7. (1) Every limited liability partnership shall have at least two designated partners who are individuals and at least one of them shall be a resident in India :
Provided that in case of a limited liability partnership in which all the partners are bodies corporate or in which one or more partners are individuals and bodies corporate, at least two individuals who are partners of such limited liability partnership or nominees of such bodies corporate shall act as designated partners.
Explanation.—For the purposes of this section, the term “resident in India” means a person who has stayed in India for a period of not less than one hundred and eighty-two days during the immediately preceding one year.

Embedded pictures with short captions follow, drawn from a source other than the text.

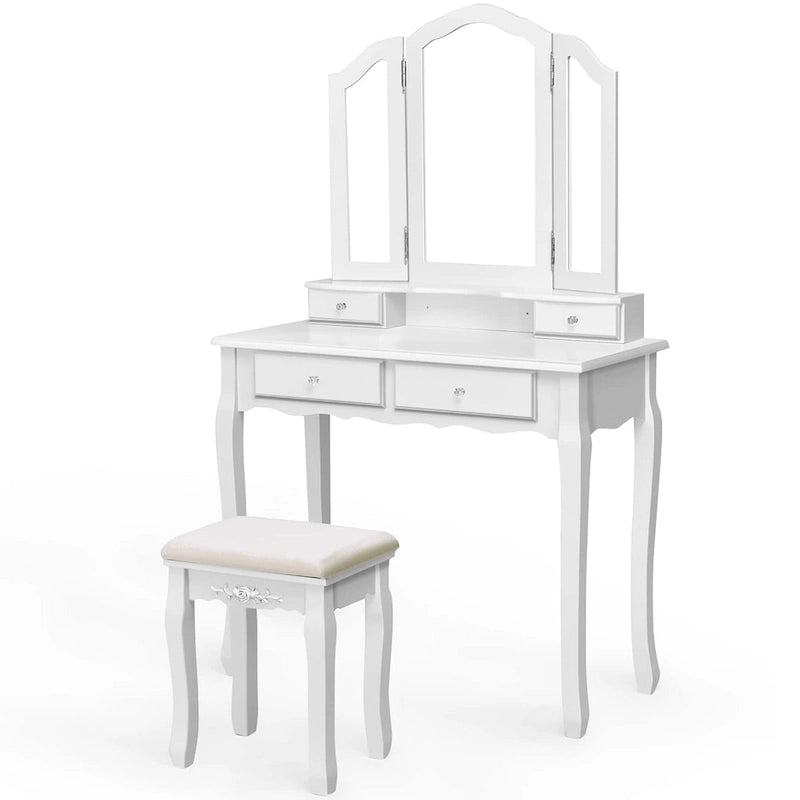 Vanity Table Set Makeup Dressing Table with Tri-Folding Mirror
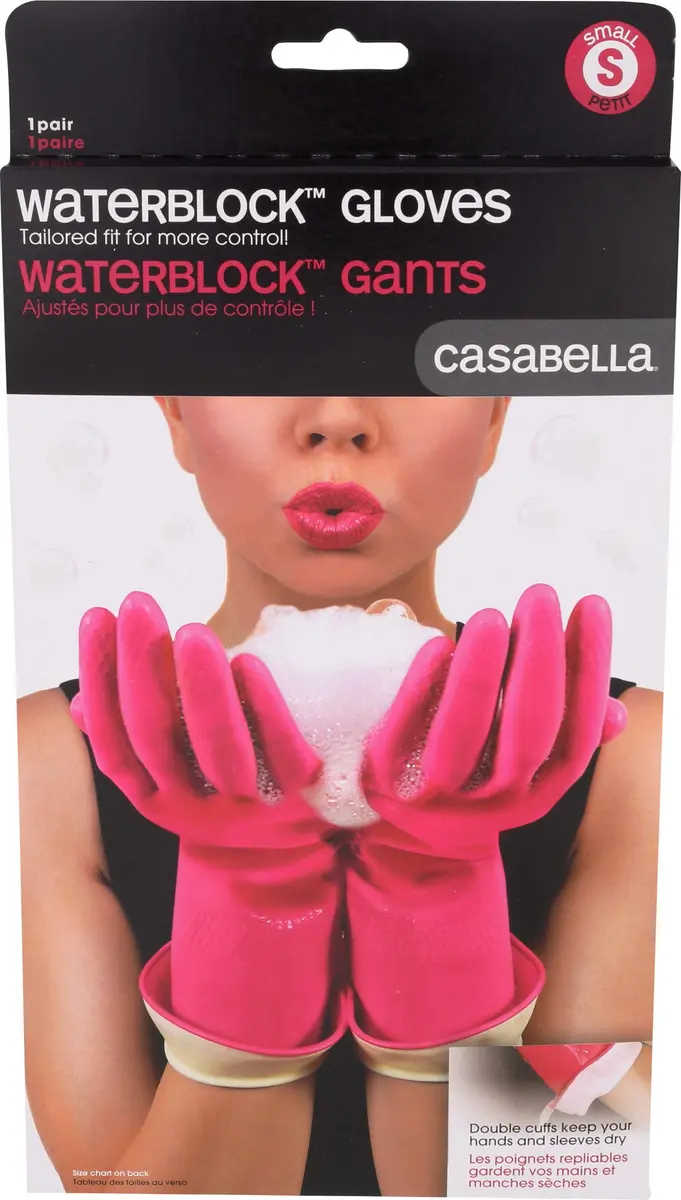 Casabella Waterblock Cleaning Gloves Small | Latex, Breathable, Household Use - main product image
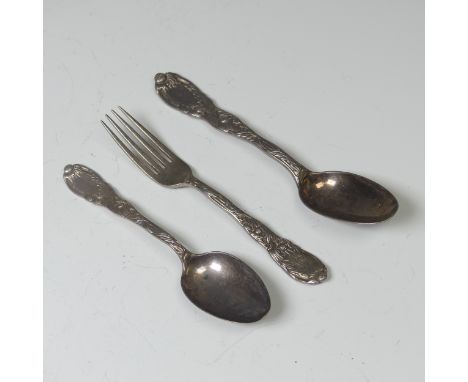 Tiffany &amp; Co.; A late 19thC silver chrysanthemum pattern Fork and Spoon, marked 'Tiffany &amp; Co Sterling PAT.1880.M', p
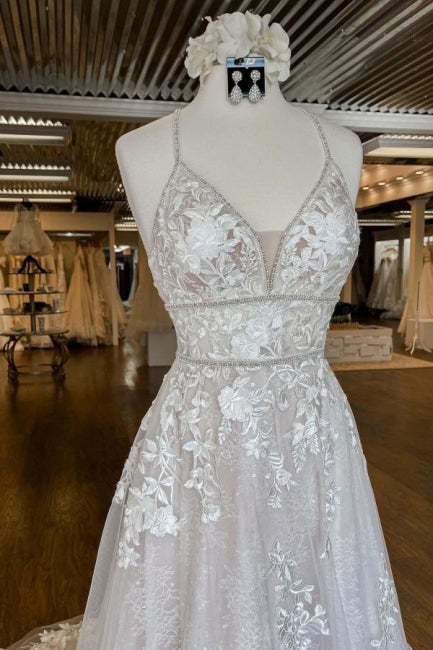 Modern Spaghetti Straps A-Line Wedding dresses With Lace-BMbridal.com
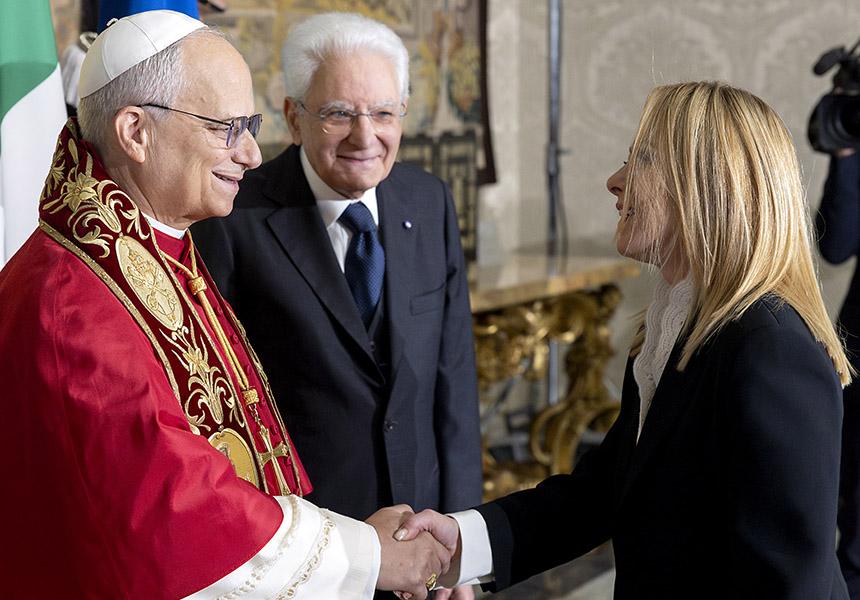 Il presidente del Consiglio dei ministri Giorgia Meloni ha partecipato al Quirinale alla visita ufficiale del pontefice Leone XIV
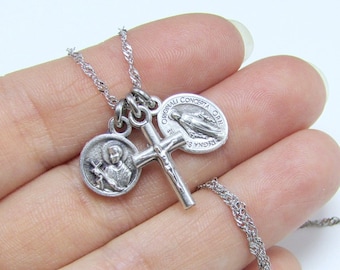 Tiny St Gerard Miraculous Medal Crucifix Necklace Stainless Steel Chain - Catholic Saint  Pregnancy Fertility Baby Mother Mini Dainty Small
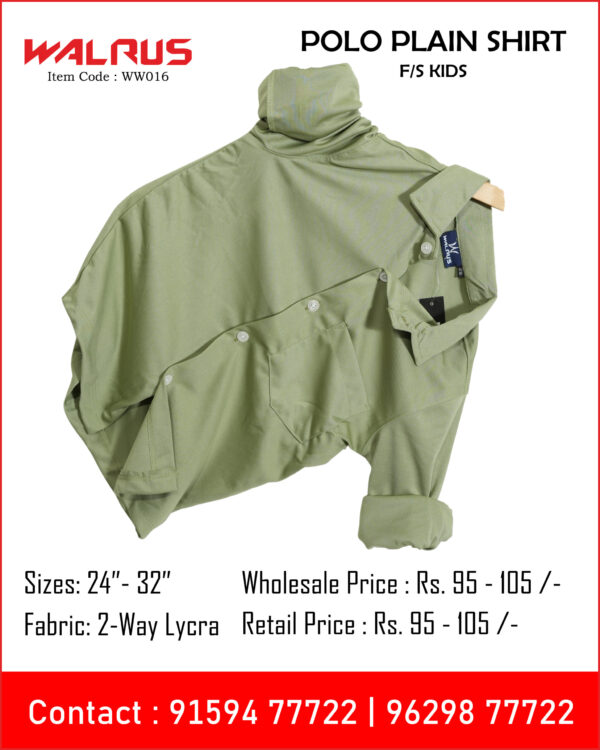 Kids Polo Plain Full Sleeve Shirt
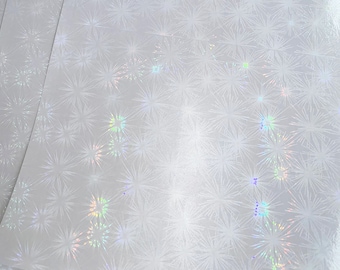 10 Sheets A4 Self Adhesive Fireworks Transparent Holographic Vinyl Overlay Sheets Laminate Stickers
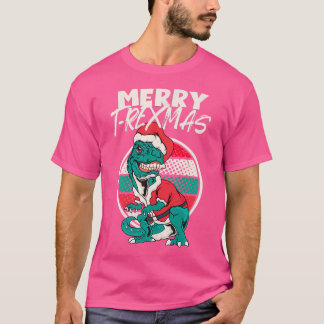 T-shirt Joyeux Noël T Rex Dinosaur Funny Trex Père Noël Ha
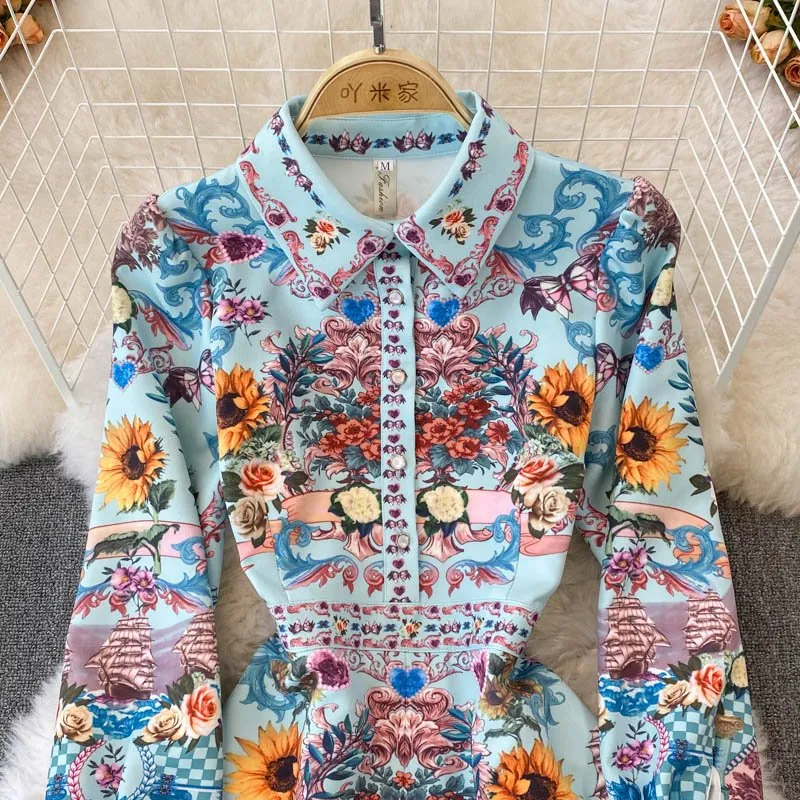 Women Long Sleeve Buttons Flower Printed High Waist Dress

(2) Subject to the provisions of sub-section (1),—
(i) if the incorporation document—
(a) specifies who are to be designated partners, such persons shall be designated partners on incorporation; or
(b) states that each of the partners from time to time of limited liability partnership is to be designated partner, every partner shall be a designated partner;
(ii) any partner may become a designated partner by and in accordance with the limited liability partnership agreement and a partner may cease to be a designated partner in accordance with limited liability partnership agreement.
(3) An individual shall not become a designated partner in any limited liability partnership unless he has given his prior consent to act as such to the limited liability partnership in such form and manner as may be prescribed.
(4) Every limited liability partnership shall file with the Registrar the particulars of every individual who has given his consent to act as designated partner in such form and manner as may be prescribed within thirty days of his appointment.
(5) An individual eligible to be a designated partner shall satisfy such conditions and requirements as may be prescribed.
(6) Every designated partner of a limited liability partnership shall obtain a Designated Partner Identification Number (DPIN) from the Central Government and the provisions of sections 266A to 266G (both inclusive) of the Companies Act, 1956 (1 of 1956) shall apply mutatis mutandis for the said purpose.